State education officials told legislators that Vermont’s career and technical education (CTE) system serves thousands of students but faces structural and equity questions that an outside consultant’s forthcoming report will address.
Ruth Durkee, state director of Career Technical Education at the Agency of Education, said 5,262 students participated in CTE in the 2022–23 school year and 3,016 met the federal definition of “program concentrator.” She said 96.77% of concentrators graduated in four years and that program‑quality metrics included 58.31% of concentrators earning at least one postsecondary industry‑recognized credential, 39.88% earning college credits through CTE, and 44.49% participating in work‑based learning.
Why it matters: CTE is a key pathway into careers and postsecondary opportunities; the agency and an external contractor, APA Consulting, are reviewing funding, governance and delivery models to improve access, consistency and staffing across regions.
Durkee outlined issues APA is studying and that the agency and CTE centers have discussed: aligning CTE programs to high‑school graduation requirements to reduce variation caused by multiple sending districts; rethinking transportation and service regions to improve access; exploring virtual or hybrid CTE delivery for programs that do not require hands‑on labs; strengthening shared curricular resources and program scope and sequence to increase statewide consistency; improving staffing models and teacher licensure pathways for educators who enter from industry; and building stronger academic integration and student supports in centers.
Durkee said Vermont currently operates 17 regional CTE centers and one remote comprehensive high school (Canaan) that provides approved CTE programs. She also said the state’s governance is heterogeneous — four governance models and two independent schools supplying public CTE — which APA flagged as contributing to inefficiency and inequity.

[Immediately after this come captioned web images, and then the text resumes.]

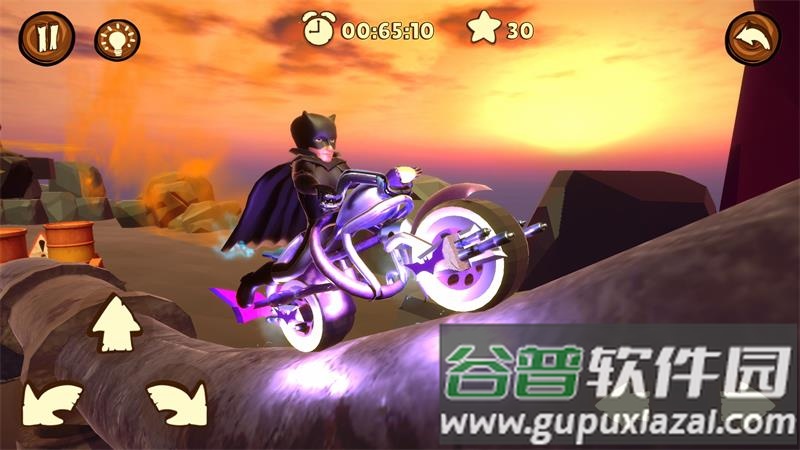 暗黑骑士去广告版截图4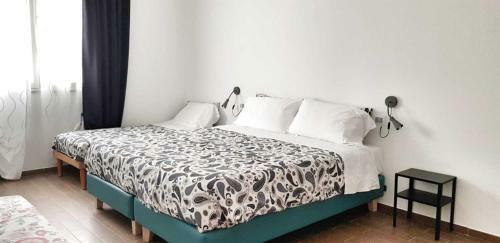 Apartamento Residence Argentina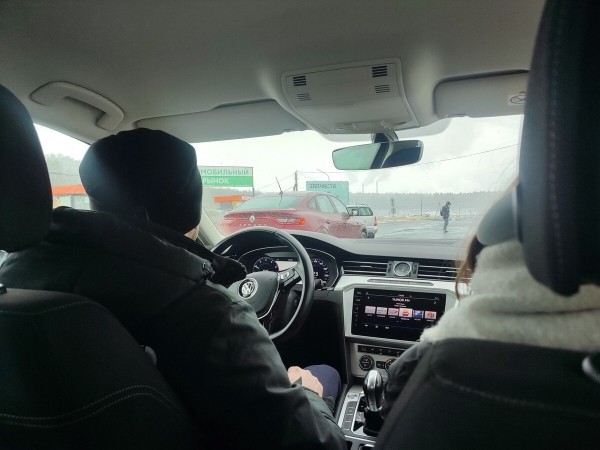 Этот «Пассат» в продаже уже несколько месяцев. И никто не звонит! Что не так с машиной? Этот «Пассат» в продаже уже несколько месяцев. И никто не звонит! Что не так с машиной?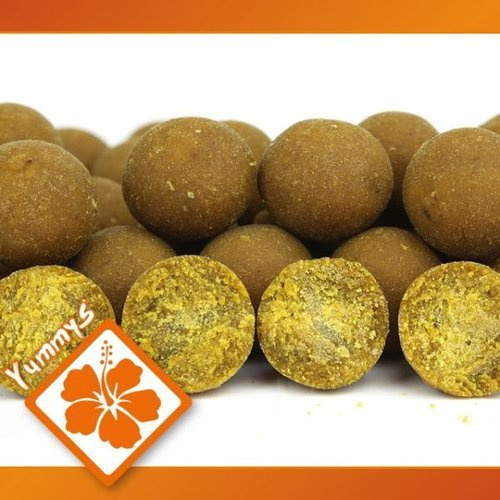Imperial Baits Osmotic Spice 24mm 1kg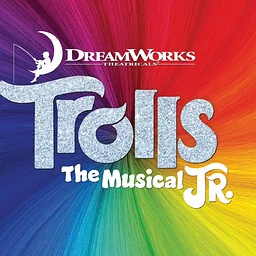DreamWorks Theatricals Trolls the Musical Jr.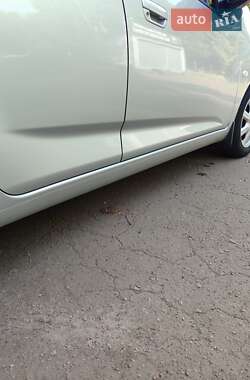 Хэтчбек Ravon R2 2017 в 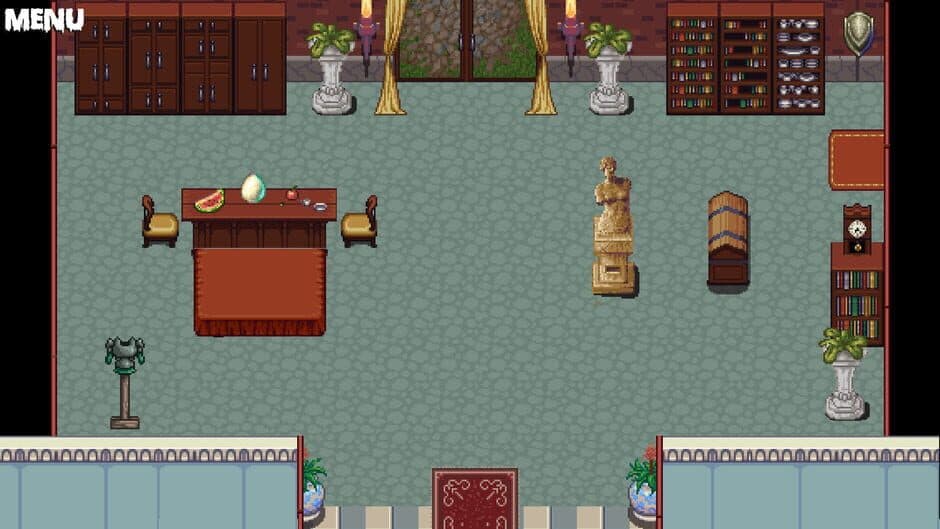 July 4th, 1976 screenshot 1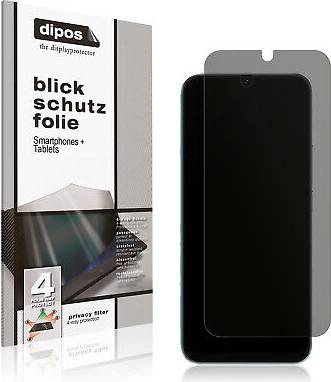 Dipos Screen Protector Benco V91 Privacy Filter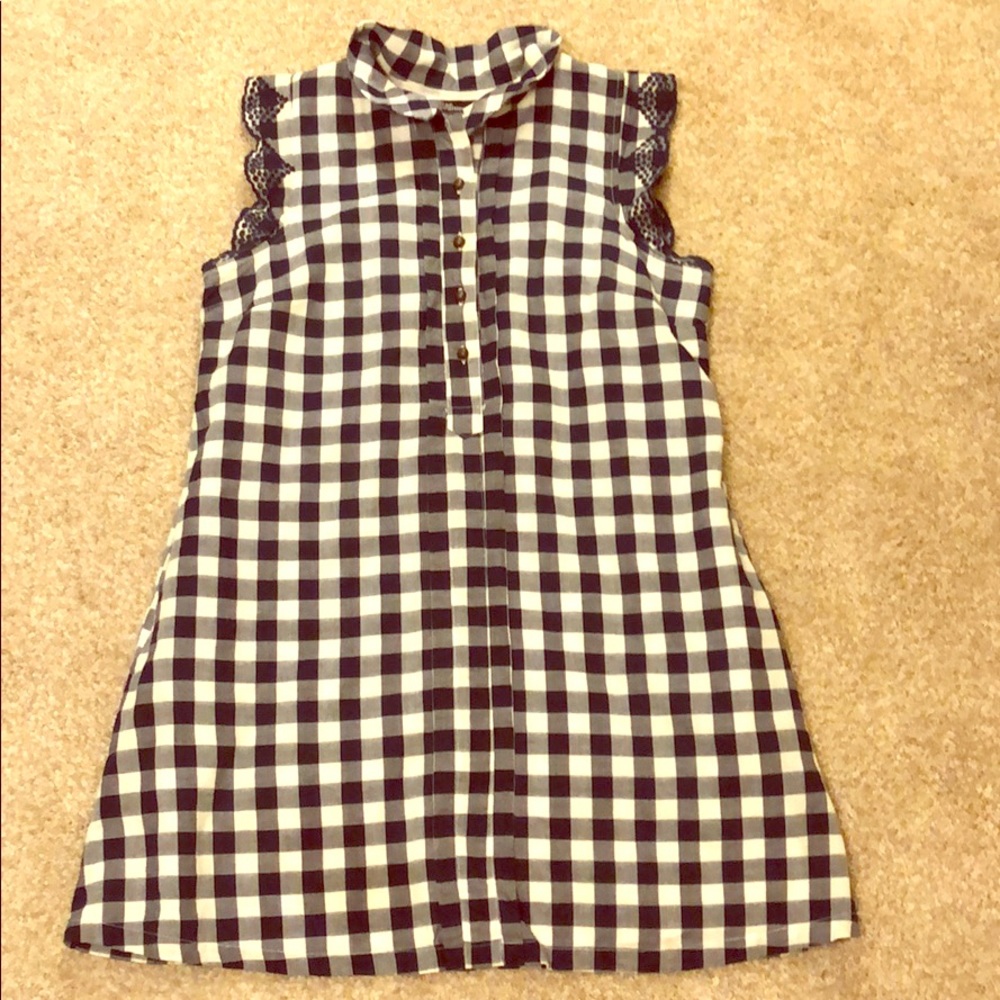 Anthropologie Dress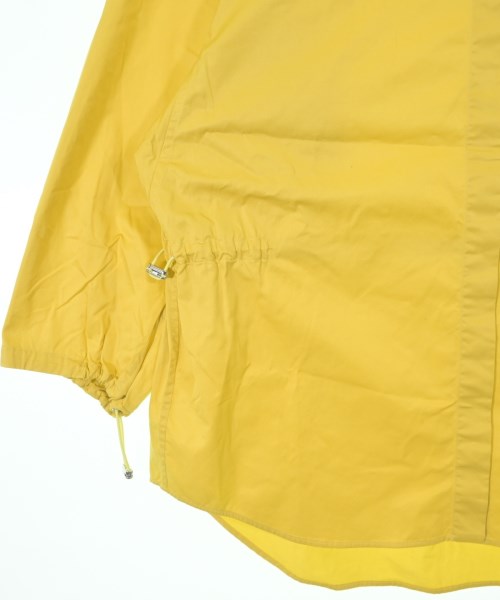 HERMES（エルメス）ブラウス 黄 サイズ:38(S位) レディース/2200659165039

On flexible pathways, Brian Hartman of the Agency of Education’s personalized learning team summarized dual enrollment, early college and FastForward options. He said dual‑enrollment agreements cover every Vermont high school and that in FY24 about 2,353 juniors and seniors participated and took roughly 2,910 college courses. Hartman said early college (a full‑year college option for 12th graders) had 402 participants in the prior year and started FY25 with 451 students. He told the committee that approximately 26.5% of juniors and seniors statewide participated in some college‑level coursework in FY24.
Officials said APA’s draft report will outline what changes require legislative authority versus what the agency could implement administratively. Durkee said APA’s forthcoming recommendations will include concrete next steps on governance, transportation, program consistency, staffing and potential new delivery models.
Ending: Legislators were told APA’s report would be circulated to committees when complete and that agency staff and CTE directors will continue work on teacher recruitment, program consistency and expanded student access.